Now, before I continue, I wish to make it clear: physical warmth isn’t always a good thing and is not the subject of this homily. Just like anything else in existence, the wrong amount of warmth or warmth in the wrong place can ruin your whole day. As we move forward into a world where it looks like too much warmth is going to be the theme of the next millennia or so, I am the first to acknowledge that warmth is a double-edged sword. But we’re mages…we already know that. Too much of any element is a recipe for trouble, and too much Fire can most definitely cause problems. So I want to talk instead about a different sort of warmth…emotional warmth.
In my last homily, I praised the virtue of thoughtfulness. Thoughtfulness can be summed up as simply caring enough to think about the welfare of others and then trying to do something about it. I urged that we should all try to devote some energy to making the lives of the people around us—especially the people about whom we care the most—just a little bit easier each day. That we should try to shoulder each other’s burdens, just a little bit. This is a way of living out our basic duty of care to others.

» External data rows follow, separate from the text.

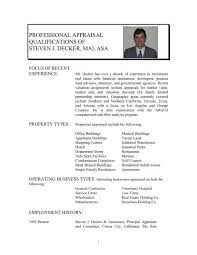 Pegasus is a fully integrated, boutique commercial real estate investment advisory firm providing unparalleled investment sales brokerage, capital markets, asset management and leasing services in connection with high quality, primarily net leased retail property throughout the united states. Professional Appraisal Qualifications Of Steven J Expert4law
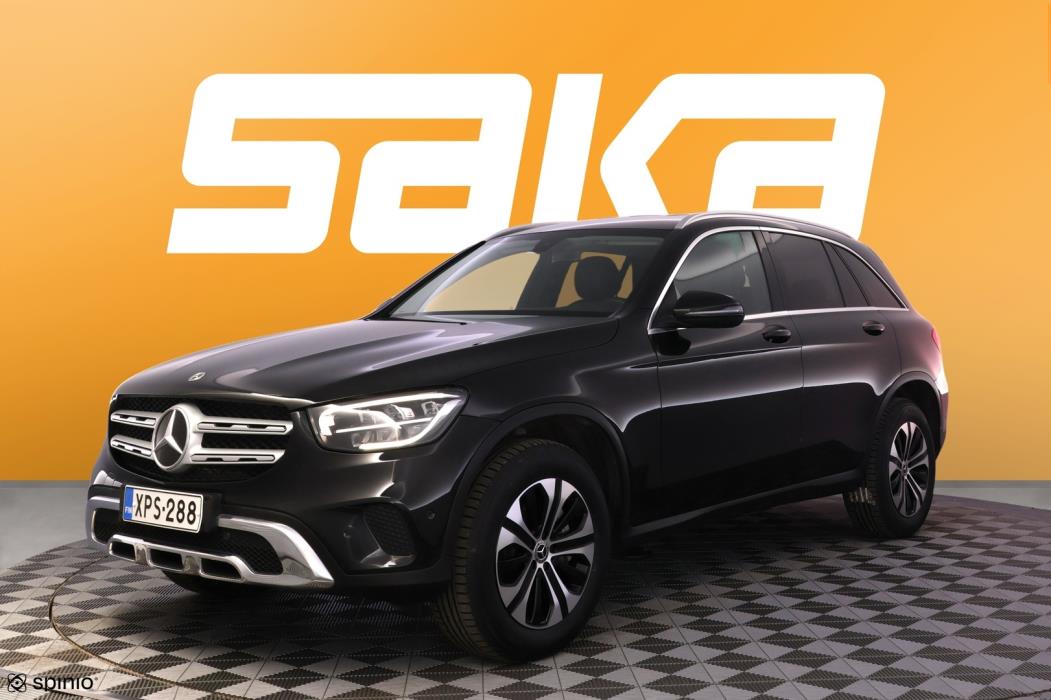 MERCEDES-BENZ GLC 2022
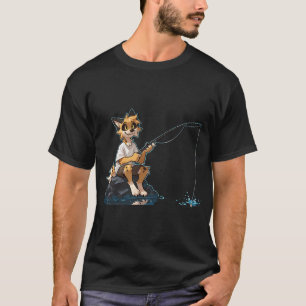 Quiet Days, Gentle Ripples T-Shirt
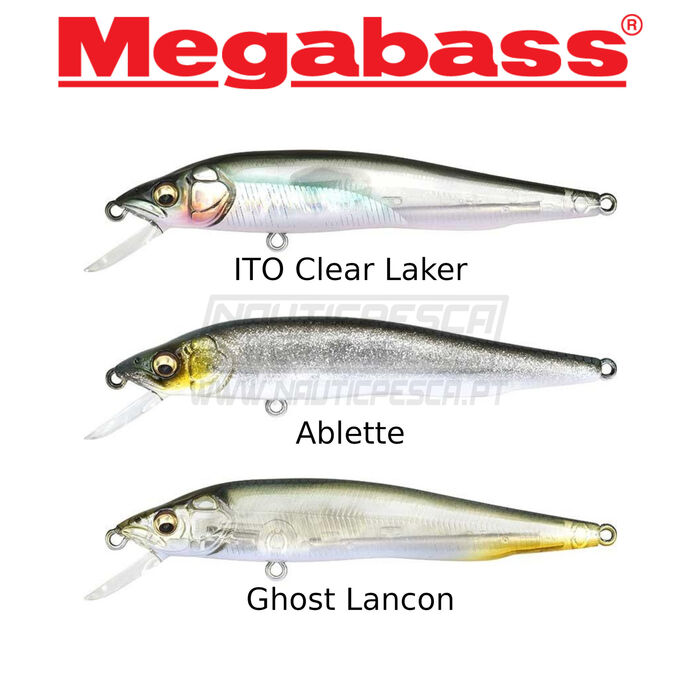 MegaBass Vision 95 Q-Go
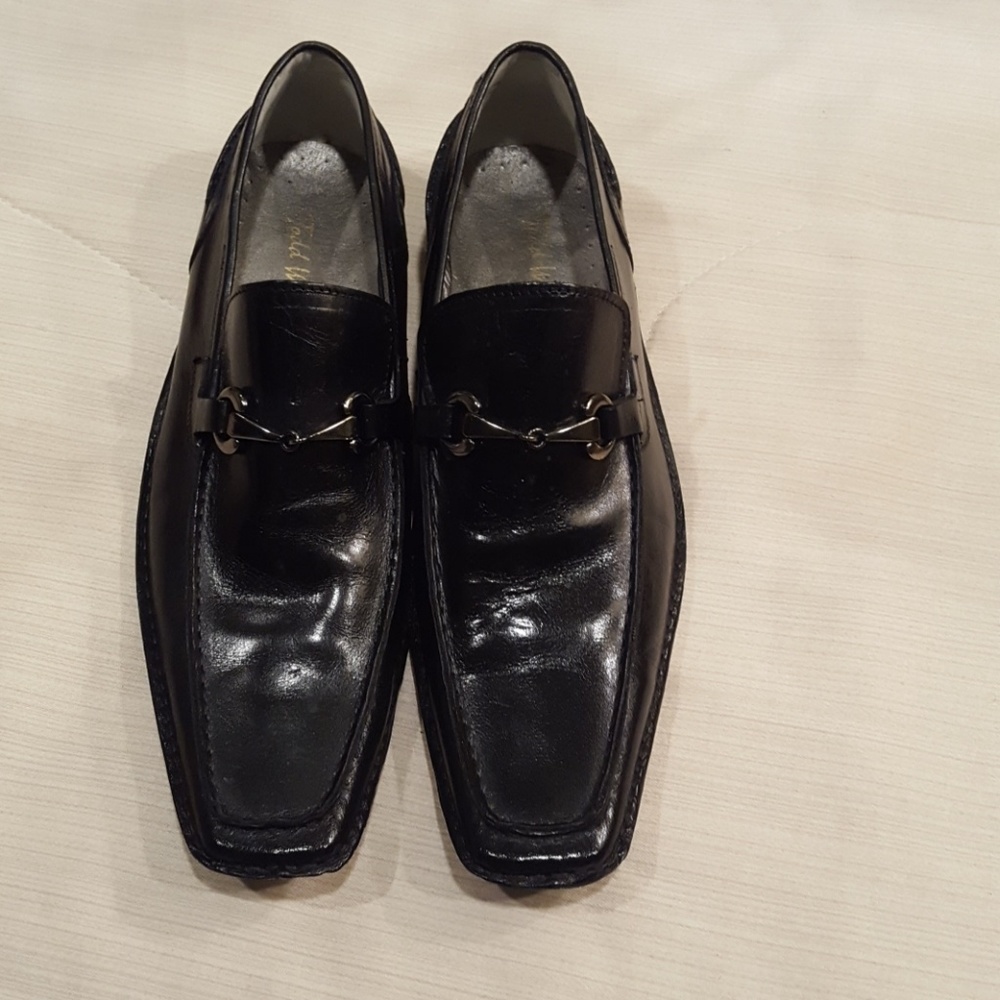 NIB Todd Welsh as 10M Black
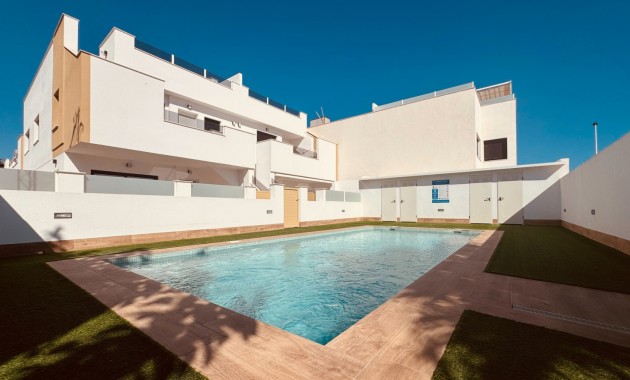Herverkoop - Appartement / flat -
San Pedro del Pinatar - Lo pagan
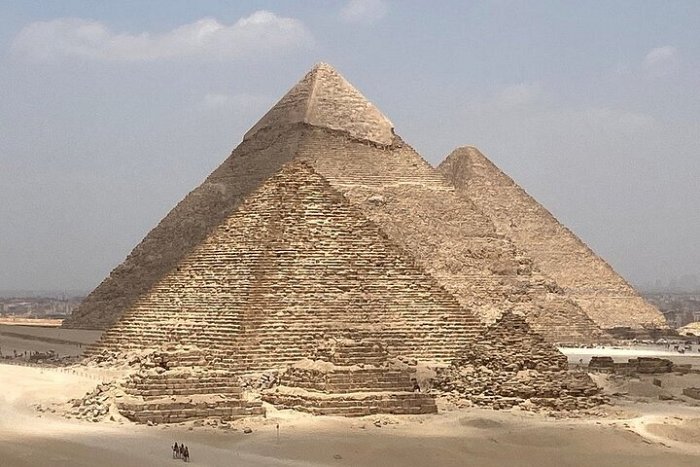 埃及国家博物馆及金字塔免排队VIP全天游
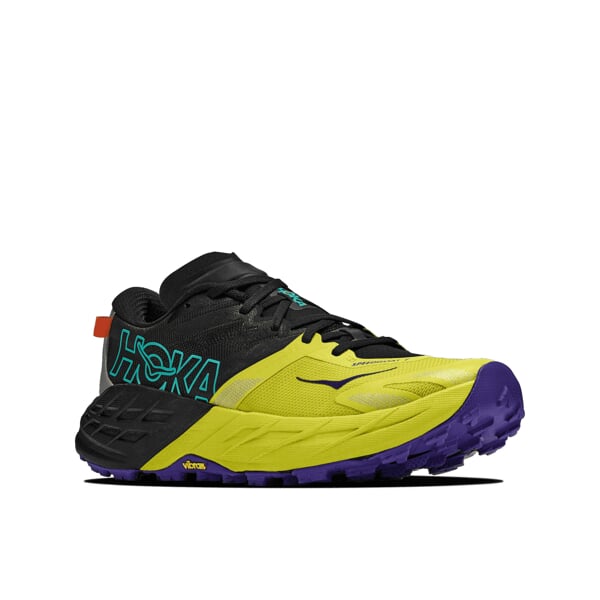 HOKA M SPEEDGOAT 7 Black/Hoka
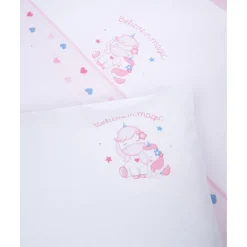 Outlet Cama – Set de 3 piezas de sábanas Ropa De Cama·Sábanas Y Mantas|Recién Nacido·Ropa De Cama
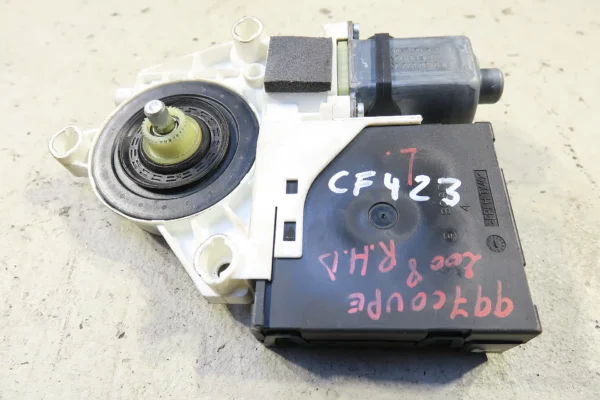 Porsche 911 997 Fensterhebermotor 99762418204 window motor – Bild 3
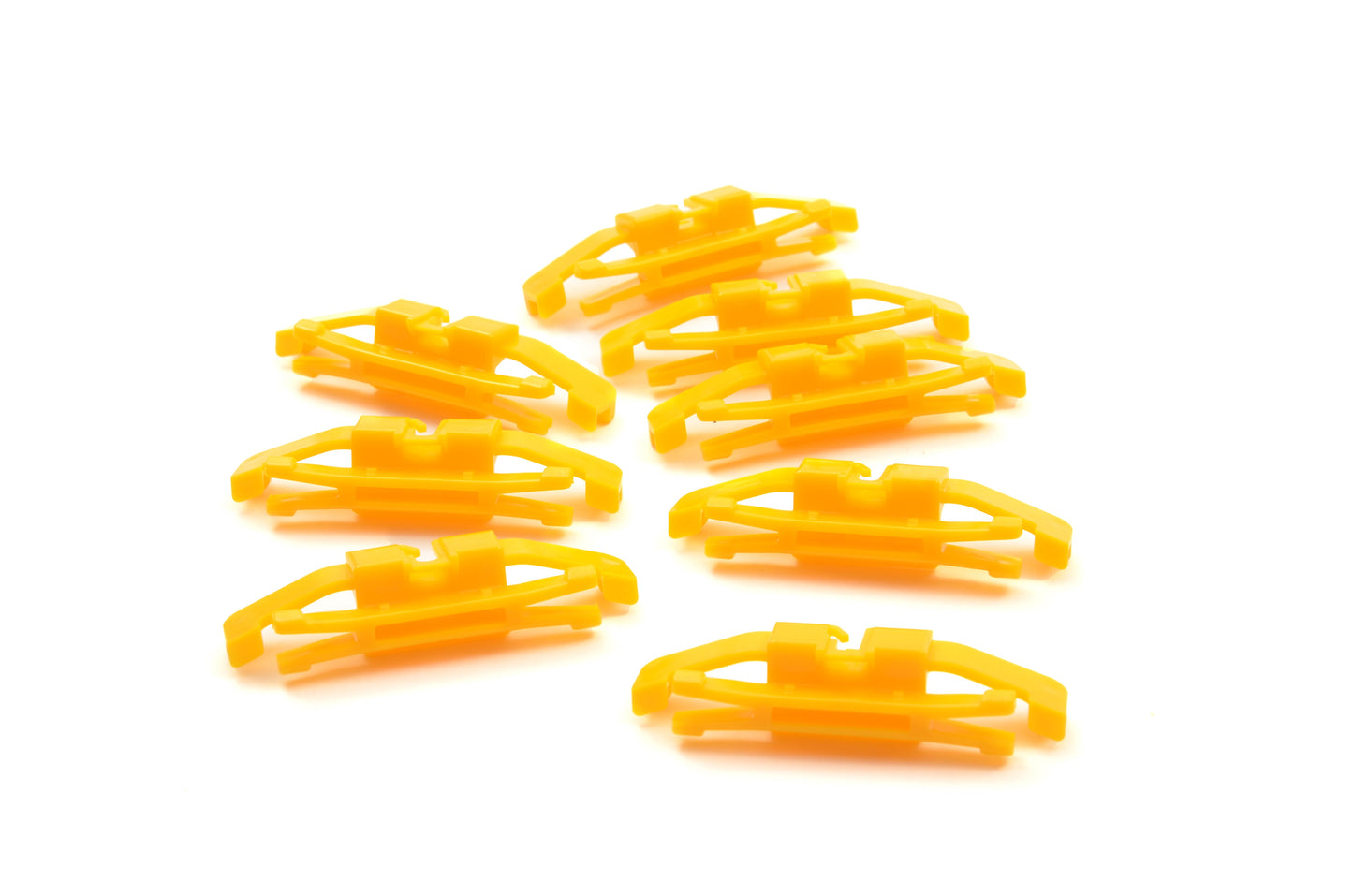 Subaru Impreza GC8/GF8 Yellow Roof Trim Clip 1992-2000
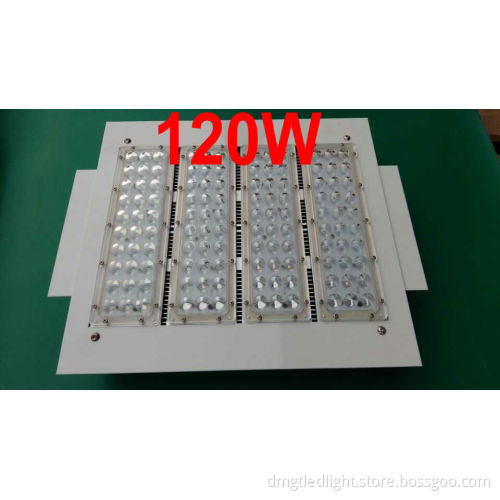 LED Canopy light 90W/120W/150W Recessed type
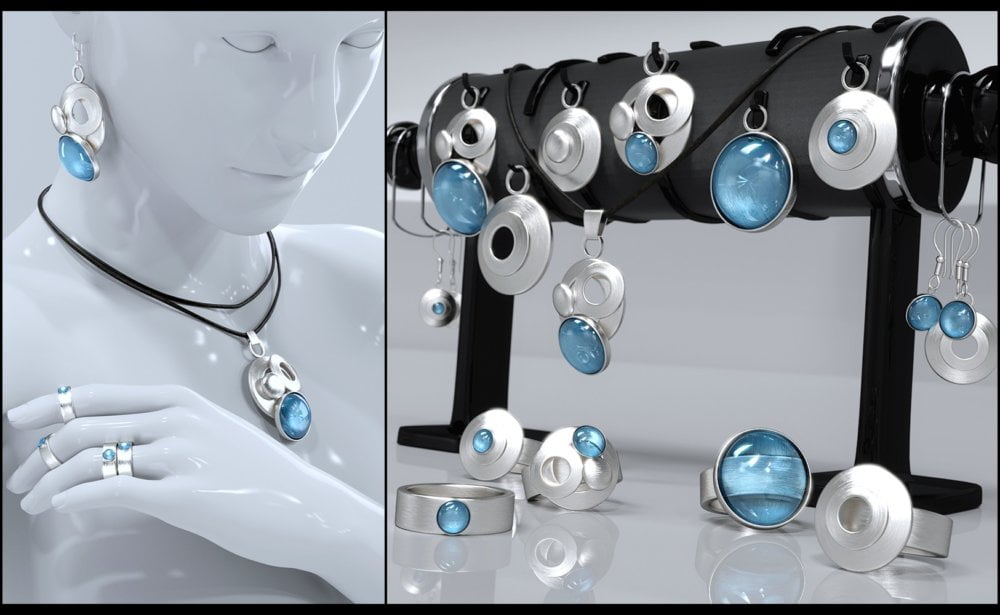 ES Jewelry Collection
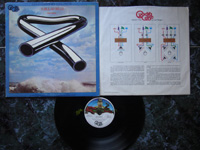 1973 Tubular Bells QD13-105 Quadraphonic.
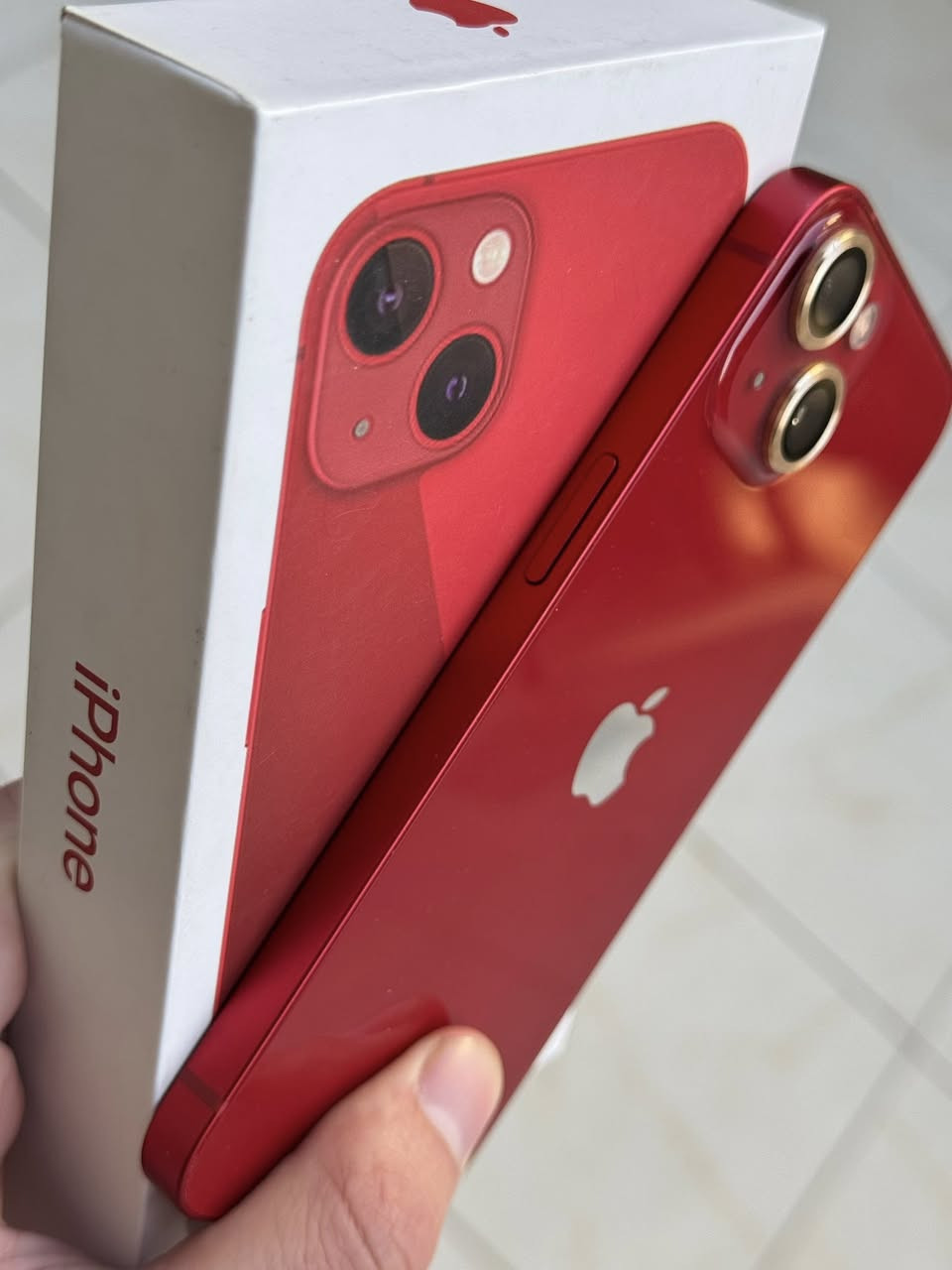 ايفون 13 كامرتين
ذاكرة 128

بطارية 95 🔋

نظافة الجهاز 100% 

ملحقاته كامله ✅

يرهم بيع او مراوس 

لمعرفة السعر الاتصال 
متوفر واتساب 

☎️ *********** ☎️
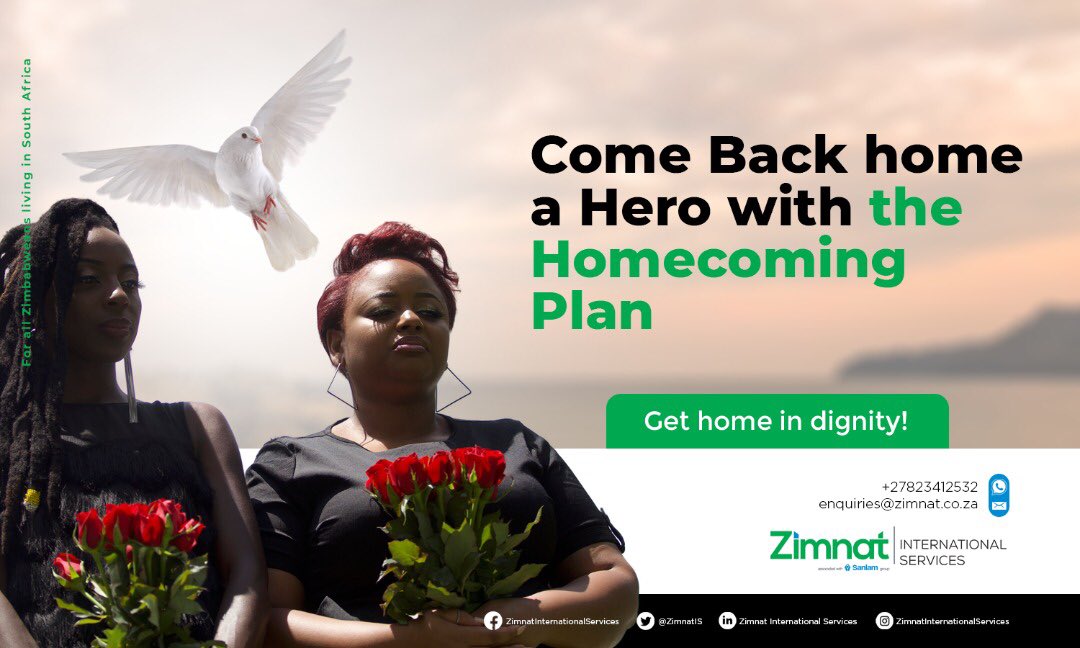 Come back home a hero with the homecoming plan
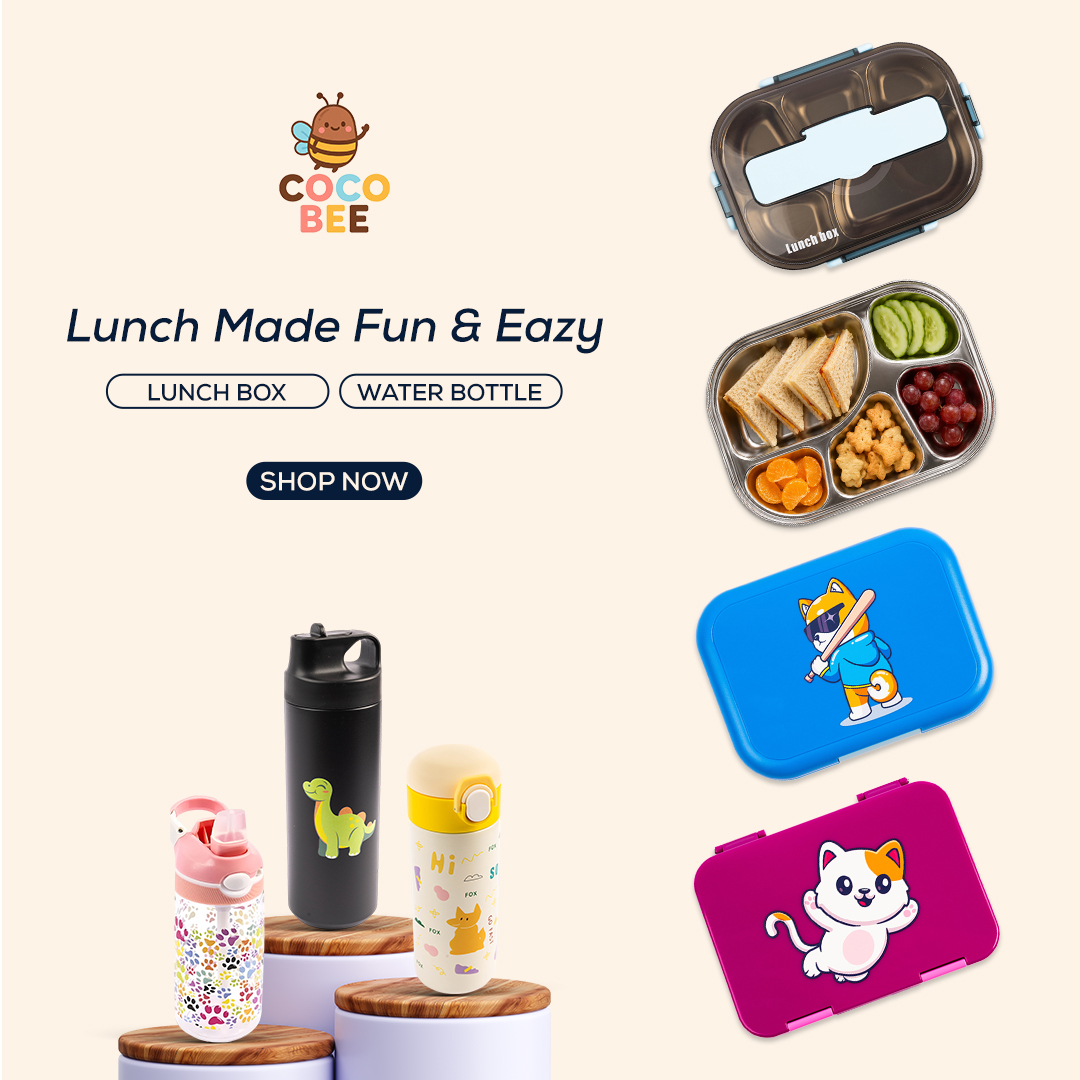 Home - English 7 Cocobee Lunch & Bottle Banner Eng. A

I also urged that we should think of ourselves as someone of whom we should be thoughtful…that we should think about our own future selves and their needs and desires. I said that we should try to put just a little bit of energy each day into making the life of “future us” just a little bit better. This might seem obvious or like simple self-interest, but you would be surprised how many people need some help caring about themselves in this way. I know I do. Just like with others, we owe ourselves a duty of care, thus we should also be thoughtful of ourselves.
However, warmth is something else. Warmth comes before thoughtfulness. Warmth is the emotional attitude that leads us to care about others or ourselves enough to be thoughtful in the first place. To be “warm” is the opposite of being “cold”, and while we often hear people admonished about being cold—often playfully, as if to say “you scamp, you don’t care about others, how cute and funny!”—we seldom hear anyone urged to be warm. It’s as if the most we believe we can expect from ourselves or each other is a basic neutrality, a sort of casual disregard. True hostility is wrong, of course, almost everyone agrees with that, but to ask people to care enough about others as a rule to actually be warm…that just seems like too much.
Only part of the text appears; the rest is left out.